Este ano, um dos primeiros anúncios da junta militar foi sobre a crescente crise de alimentos.
“Não tem comparação”, disse o Dr. Mamadou Yami Chegou, diretor de nutrição do ministério da Saúde, enquanto participava de uma distribuição de alimentos na vila de Koleram, no sofrido leste do Níger.

Agora ninguém contesta a seriedade da crise atual do Níger, embora autoridades afirmem que o pior ainda pode estar por vir, enquanto se estica o período entre o fracasso das plantações do ano passado e a colheita do outono.

“A situação ainda não está catastrófica”, disse Holmes, depois de um dia visitando vilas famintas a centenas de quilômetros daqui.

Na entrada de Niamey, a capital, estruturas de tijolo de barro estão cheias de refugiados da fome, vindos do norte. “Não sobrou nada”, disse Ramatou Bubacar, 42 anos, que trouxe seus sete filhos de Tillaberi, 12 dias antes, esperando que a cidade fosse mais gentil. “Comeram tudo”.
Milhares de crianças estão saindo da escola porque os pais deixaram as vilas para buscar alimentos – algumas escolas até fecharam. “Este ano, excepcionalmente, tivemos essa evasão”, disse Salissou Hachimou, diretor da escola de Kongome, onde 43 das 232 crianças abandonaram os estudos.

No interior, pode-ver bem as costelas sob a pele do gado. O estoque de ração animal está 66% abaixo do normal. Camelos sarnentos vagam sem rumo, fuçando as copas das árvores sem folhas.

Cerca de 12% das crianças do país sofrem de má nutrição aguda, de acordo com a Unicef. Alguns bebezinhos muito pequenos, com braços e pernas fracos, ocupavam uma ala de uma clínica de nutrição, na cidade desértica de Tanout. Porém, o clima estava calmo e a clínica não estava superlotada, como observou Holmes.

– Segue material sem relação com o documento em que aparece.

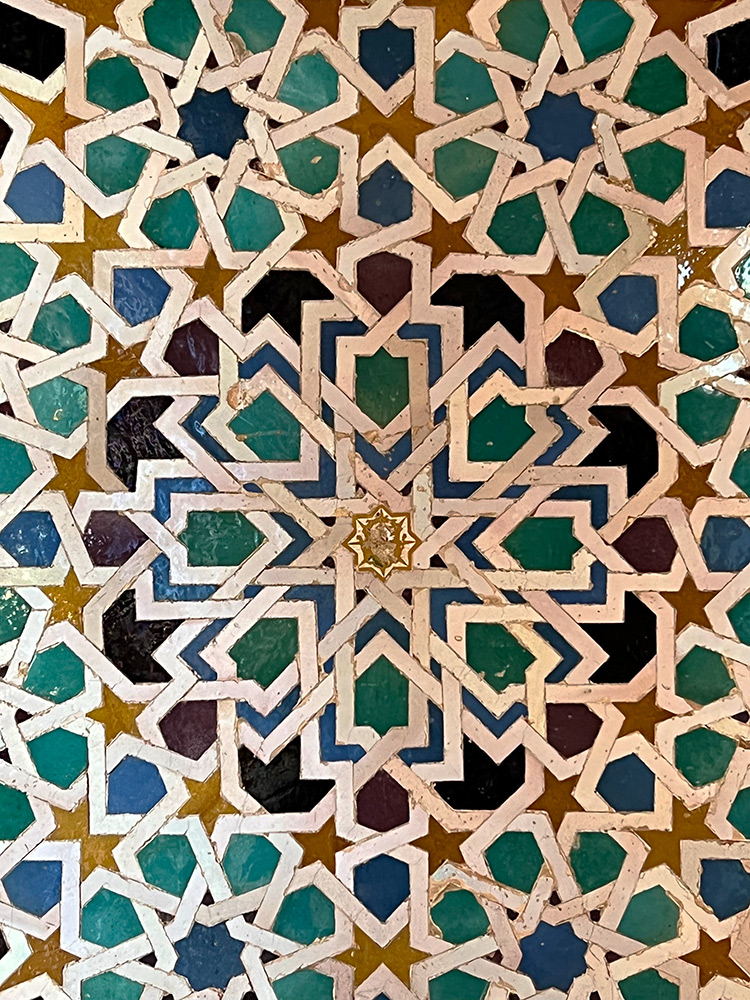Zellige tile mosaics, Sala del Mexuar, Nasrid Palaces, Alhambra, Spain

A região árida ficou 11 mil toneladas abaixo da produção de cereal esperada no ano passado. A plantação fracassou por completo na vila de Dalli. “Sim, estou com fome agora”, disse Safia Joulou, 26 anos, que prepara uma refeição por dia, fervendo folhas coletadas em meio a areia e arbustos raquíticos.

Assim como outros entrevistados, ela tem uma família grande para cuidar, sete filhos. A jovem mãe do lado dela, Nana Boukari, de 20 anos, tem cinco filhos. Uma entrevistada por Holmes em Dalli, Maria Ali, 52 anos, tem dez.

O Níger, um dos países mais pobres do mundo, possui o índice de natalidade mais alto do mundo, de acordo com algumas estimativas, ou está entre os índices mais altos, de acordo com outros cálculos – o que contribui para os problemas crônicos de alimentos do país. Na capital regional de Zinder, ao sul de Tanout, há outdoors anunciando a marca local de preservativos, mas não existe nada parecido com um esforço vigoroso de planejamento familiar neste país muçulmano. A “atitude cultural predominante” não ajuda, disse Holmes.

Ele disse ter trazido o tema do planejamento familiar a reuniões com altos membros do governo daqui. “Eles têm consciência de que isso é um problema, mas não está nas prioridades de sua agenda”, disse ele.

Em Dalli, os grãos acabaram rapidamente numa distribuição gratuita recente. “As crianças não comem antes de ir para a escola”, disse Ali, mãe de dez filhos. “Quando voltam, não encontram nada para comer”.